ASSIGNMENT — Only one portion of the data is to be written out: from the line bearing "Hot Solfontän 6V" through the line bearing "The Constanța County". Write it exactly as it appears.

DATA PROVIDED —
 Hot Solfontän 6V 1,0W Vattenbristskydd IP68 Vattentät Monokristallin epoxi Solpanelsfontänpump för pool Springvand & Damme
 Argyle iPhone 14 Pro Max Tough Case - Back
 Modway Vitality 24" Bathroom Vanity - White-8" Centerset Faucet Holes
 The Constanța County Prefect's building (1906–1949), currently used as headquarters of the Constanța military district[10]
* * *
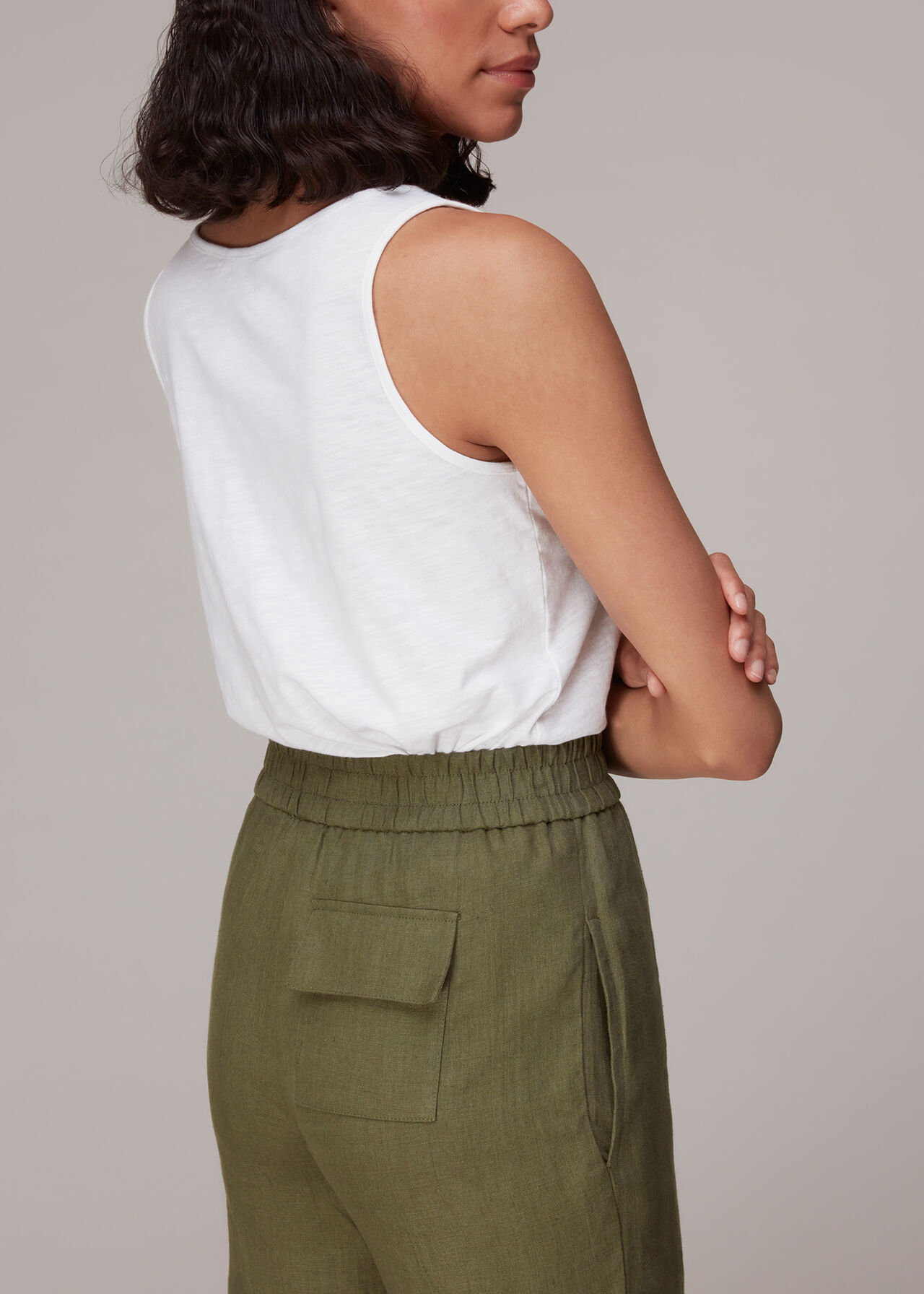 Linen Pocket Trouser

RESPONSE AREA —
 Hot Solfontän 6V 1,0W Vattenbristskydd IP68 Vattentät Monokristallin epoxi Solpanelsfontänpump för pool Springvand & Damme
 Argyle iPhone 14 Pro Max Tough Case - Back
 Modway Vitality 24" Bathroom Vanity - White-8" Centerset Faucet Holes
 The Constanța County Prefect's building (1906–1949), currently used as headquarters of the Constanța military district[10]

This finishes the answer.